What is particularly significant is the reference to the pension system. The bosses want a rock solid government capable of resisting social conflict, because they are pushing for an offensive, not only on pensions but also on deregulation, privatisations, attacks on public sector workers, and so on.
The PRC needs to hold an open and honest debate, without any hypocrisy on what has happened and above all on what is going to happen. What is not acceptable is that the party allows itself to be dragged into a confused crisis, whose outcome would be one where the left as a whole, and our party in particular, would be called upon to bleed itself dry simply to support a government that is getting weaker and weaker and to march with it until the next inevitable crisis, one in which we would end up being the first to sink.
The next government, in whatever shape or form it appears, cannot but be one more short step towards the break up and discrediting of the Unione coalition. The party should accept that the line adopted at the last congress has been buried and that a new policy is required, a policy based on the independence of the party, on a patient rebuilding of the links between the party and the workers. We must break from the mortal embrace which is chaining us down. This is the exact opposite of the "unconditional confidence" in Prodi as comrade Giordano has proposed.

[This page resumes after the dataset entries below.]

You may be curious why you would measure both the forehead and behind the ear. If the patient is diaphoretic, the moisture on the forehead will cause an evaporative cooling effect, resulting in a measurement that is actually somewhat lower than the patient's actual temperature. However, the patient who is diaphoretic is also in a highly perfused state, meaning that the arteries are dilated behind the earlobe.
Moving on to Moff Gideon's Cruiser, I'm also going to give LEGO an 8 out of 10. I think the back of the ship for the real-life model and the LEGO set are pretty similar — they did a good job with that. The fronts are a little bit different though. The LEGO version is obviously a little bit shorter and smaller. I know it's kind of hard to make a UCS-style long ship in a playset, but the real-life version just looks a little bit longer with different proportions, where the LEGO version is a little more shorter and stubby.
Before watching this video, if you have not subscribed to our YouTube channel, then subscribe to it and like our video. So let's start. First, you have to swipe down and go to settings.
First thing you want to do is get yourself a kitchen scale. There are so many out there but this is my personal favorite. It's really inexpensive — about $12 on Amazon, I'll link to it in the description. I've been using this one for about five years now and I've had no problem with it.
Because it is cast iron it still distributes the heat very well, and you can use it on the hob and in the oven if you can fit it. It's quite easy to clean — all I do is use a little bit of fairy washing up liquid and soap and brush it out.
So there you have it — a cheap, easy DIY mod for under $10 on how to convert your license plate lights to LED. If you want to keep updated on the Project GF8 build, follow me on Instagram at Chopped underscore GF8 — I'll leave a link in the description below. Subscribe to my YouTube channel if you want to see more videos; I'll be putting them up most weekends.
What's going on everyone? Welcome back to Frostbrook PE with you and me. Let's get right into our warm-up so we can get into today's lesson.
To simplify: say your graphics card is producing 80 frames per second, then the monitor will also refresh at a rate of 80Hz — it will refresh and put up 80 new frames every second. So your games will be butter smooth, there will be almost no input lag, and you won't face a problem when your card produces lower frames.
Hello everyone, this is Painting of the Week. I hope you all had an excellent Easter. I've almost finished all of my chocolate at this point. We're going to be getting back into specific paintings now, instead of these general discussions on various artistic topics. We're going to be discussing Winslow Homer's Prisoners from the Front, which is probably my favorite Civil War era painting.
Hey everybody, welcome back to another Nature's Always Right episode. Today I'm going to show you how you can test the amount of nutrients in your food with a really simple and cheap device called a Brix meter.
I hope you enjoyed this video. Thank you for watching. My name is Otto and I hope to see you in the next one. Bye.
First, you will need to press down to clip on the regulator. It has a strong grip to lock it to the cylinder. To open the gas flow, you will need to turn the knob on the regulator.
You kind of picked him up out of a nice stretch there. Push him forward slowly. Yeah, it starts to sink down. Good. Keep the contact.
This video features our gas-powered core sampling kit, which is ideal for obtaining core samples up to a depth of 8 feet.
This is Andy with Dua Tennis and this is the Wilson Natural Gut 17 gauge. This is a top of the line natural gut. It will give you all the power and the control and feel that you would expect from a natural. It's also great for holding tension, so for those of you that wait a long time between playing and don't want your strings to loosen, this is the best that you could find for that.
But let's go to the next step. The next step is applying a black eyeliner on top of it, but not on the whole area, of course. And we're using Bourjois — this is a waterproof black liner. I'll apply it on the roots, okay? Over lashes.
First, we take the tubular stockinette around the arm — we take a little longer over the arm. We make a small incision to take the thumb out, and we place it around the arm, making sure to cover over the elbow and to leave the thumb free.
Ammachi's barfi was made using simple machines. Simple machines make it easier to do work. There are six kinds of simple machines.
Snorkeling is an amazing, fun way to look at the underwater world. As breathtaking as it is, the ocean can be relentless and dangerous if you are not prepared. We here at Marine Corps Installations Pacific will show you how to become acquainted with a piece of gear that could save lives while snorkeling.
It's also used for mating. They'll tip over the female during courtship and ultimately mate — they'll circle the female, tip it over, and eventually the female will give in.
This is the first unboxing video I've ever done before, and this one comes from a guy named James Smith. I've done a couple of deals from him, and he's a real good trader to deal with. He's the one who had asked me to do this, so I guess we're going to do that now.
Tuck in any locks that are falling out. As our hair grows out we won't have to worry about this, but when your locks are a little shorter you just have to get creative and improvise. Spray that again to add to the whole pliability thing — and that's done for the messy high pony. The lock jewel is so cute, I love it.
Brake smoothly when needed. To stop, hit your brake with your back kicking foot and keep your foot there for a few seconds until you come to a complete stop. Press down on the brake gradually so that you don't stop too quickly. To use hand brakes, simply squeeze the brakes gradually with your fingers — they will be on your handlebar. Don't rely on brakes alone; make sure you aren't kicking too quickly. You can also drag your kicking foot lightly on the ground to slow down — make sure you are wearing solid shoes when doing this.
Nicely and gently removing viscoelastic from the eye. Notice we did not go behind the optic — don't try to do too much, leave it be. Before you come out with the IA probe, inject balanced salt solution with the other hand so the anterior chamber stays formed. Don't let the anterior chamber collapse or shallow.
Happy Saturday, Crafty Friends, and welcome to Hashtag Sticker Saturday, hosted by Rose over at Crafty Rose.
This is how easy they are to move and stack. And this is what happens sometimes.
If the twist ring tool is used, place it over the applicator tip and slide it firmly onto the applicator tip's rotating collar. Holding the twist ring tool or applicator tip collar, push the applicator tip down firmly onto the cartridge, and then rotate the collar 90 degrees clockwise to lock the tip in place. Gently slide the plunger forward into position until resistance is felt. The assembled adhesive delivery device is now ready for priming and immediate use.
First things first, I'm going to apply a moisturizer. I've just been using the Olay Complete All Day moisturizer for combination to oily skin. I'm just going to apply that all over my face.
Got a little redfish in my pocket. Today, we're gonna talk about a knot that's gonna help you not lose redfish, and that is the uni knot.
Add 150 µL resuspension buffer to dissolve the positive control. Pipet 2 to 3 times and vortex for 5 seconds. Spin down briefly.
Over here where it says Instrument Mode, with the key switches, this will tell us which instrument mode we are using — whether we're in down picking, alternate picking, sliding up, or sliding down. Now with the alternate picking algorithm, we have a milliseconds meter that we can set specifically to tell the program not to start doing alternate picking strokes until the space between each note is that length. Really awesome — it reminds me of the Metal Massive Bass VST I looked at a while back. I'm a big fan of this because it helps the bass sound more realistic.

The crisis has not come from the left, but we are now fully immersed in it. Therefore if there has to be crisis, let us acknowledge it and act accordingly. Giordano should open up a wide-ranging debate, not in the corridors of Palazzo Chigi [the office of the Prime Minister] but among the masses that voted for the Unione. He should call on the workers, the youth, the pensioners, the unemployed, temporary workers and the immigrants, to debate over what has divided the Unione coalition, from the war in Afghanistan to Vicenza, but also on pensions, temporary work, economic and social policy, education and so on. We need to discuss and take decisions in the factories, in the neighbourhoods, in the mass organisations in an open and democratic manner. And the PRC should commit itself to respect and defend the demands and aspirations of the masses. This is the only kind of "confidence" that we can support today, without any doubts and without tying ourselves to anti-working class policies.